What you will do:
An acceptable response holds only the line containing "Louis Vuitton Pouch" and every line after it to the end of the records, each reproduced exactly.

Material for this task:
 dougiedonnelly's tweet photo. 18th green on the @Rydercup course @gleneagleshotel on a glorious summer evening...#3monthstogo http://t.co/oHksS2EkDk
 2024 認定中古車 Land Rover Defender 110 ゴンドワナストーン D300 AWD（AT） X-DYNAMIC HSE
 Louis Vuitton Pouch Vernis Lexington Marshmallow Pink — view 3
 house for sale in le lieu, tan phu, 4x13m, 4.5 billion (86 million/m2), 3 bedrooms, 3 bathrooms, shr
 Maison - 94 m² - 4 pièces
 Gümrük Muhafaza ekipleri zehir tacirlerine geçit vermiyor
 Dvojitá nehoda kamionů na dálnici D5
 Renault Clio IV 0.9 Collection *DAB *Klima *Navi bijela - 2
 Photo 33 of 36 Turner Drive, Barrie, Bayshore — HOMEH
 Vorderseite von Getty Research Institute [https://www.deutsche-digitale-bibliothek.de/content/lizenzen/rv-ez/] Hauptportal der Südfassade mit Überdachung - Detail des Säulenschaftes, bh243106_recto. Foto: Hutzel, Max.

Result for this task:
 Louis Vuitton Pouch Vernis Lexington Marshmallow Pink — view 3
 house for sale in le lieu, tan phu, 4x13m, 4.5 billion (86 million/m2), 3 bedrooms, 3 bathrooms, shr
 Maison - 94 m² - 4 pièces
 Gümrük Muhafaza ekipleri zehir tacirlerine geçit vermiyor
 Dvojitá nehoda kamionů na dálnici D5
 Renault Clio IV 0.9 Collection *DAB *Klima *Navi bijela - 2
 Photo 33 of 36 Turner Drive, Barrie, Bayshore — HOMEH
 Vorderseite von Getty Research Institute [https://www.deutsche-digitale-bibliothek.de/content/lizenzen/rv-ez/] Hauptportal der Südfassade mit Überdachung - Detail des Säulenschaftes, bh243106_recto. Foto: Hutzel, Max.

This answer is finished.